[SUPPLIED DATA]

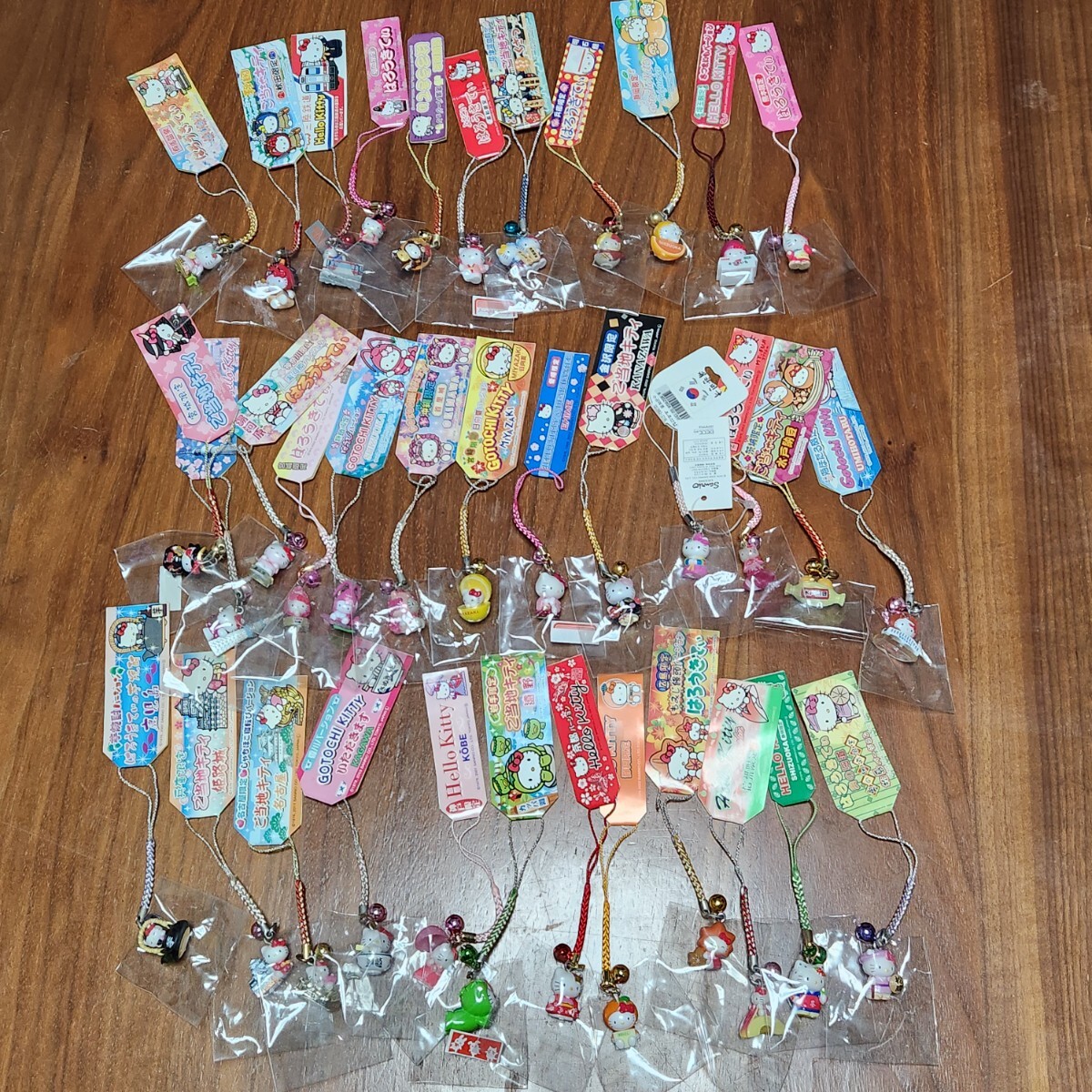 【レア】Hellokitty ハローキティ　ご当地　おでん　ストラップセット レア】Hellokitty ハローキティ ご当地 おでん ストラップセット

[/SUPPLIED DATA]
[SUPPLIED DATA]

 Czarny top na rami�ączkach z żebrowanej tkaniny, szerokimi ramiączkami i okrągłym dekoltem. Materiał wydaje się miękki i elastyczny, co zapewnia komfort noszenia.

[/SUPPLIED DATA]
[SUPPLIED DATA]

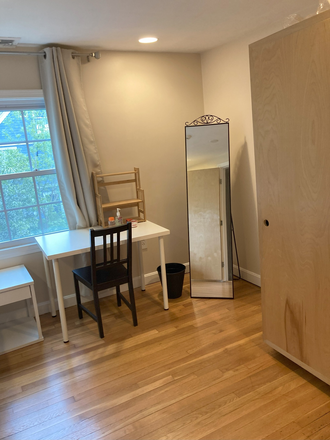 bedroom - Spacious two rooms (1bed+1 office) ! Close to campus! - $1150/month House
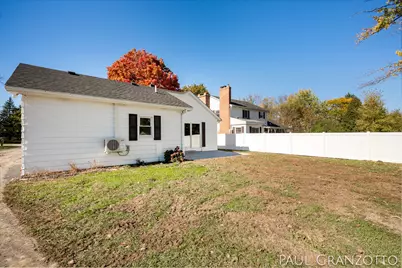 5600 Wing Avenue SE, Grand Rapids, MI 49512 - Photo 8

[/SUPPLIED DATA]

▸ EXERCISE
Retype only the lines above from the one with "bedroom - Spacious" through the one with "5600 Wing Avenue", exactly and with both ends. Images stay out.

▸ EXPECTED ANSWER
 bedroom - Spacious two rooms (1bed+1 office) ! Close to campus! - $1150/month House
 5600 Wing Avenue SE, Grand Rapids, MI 49512 - Photo 8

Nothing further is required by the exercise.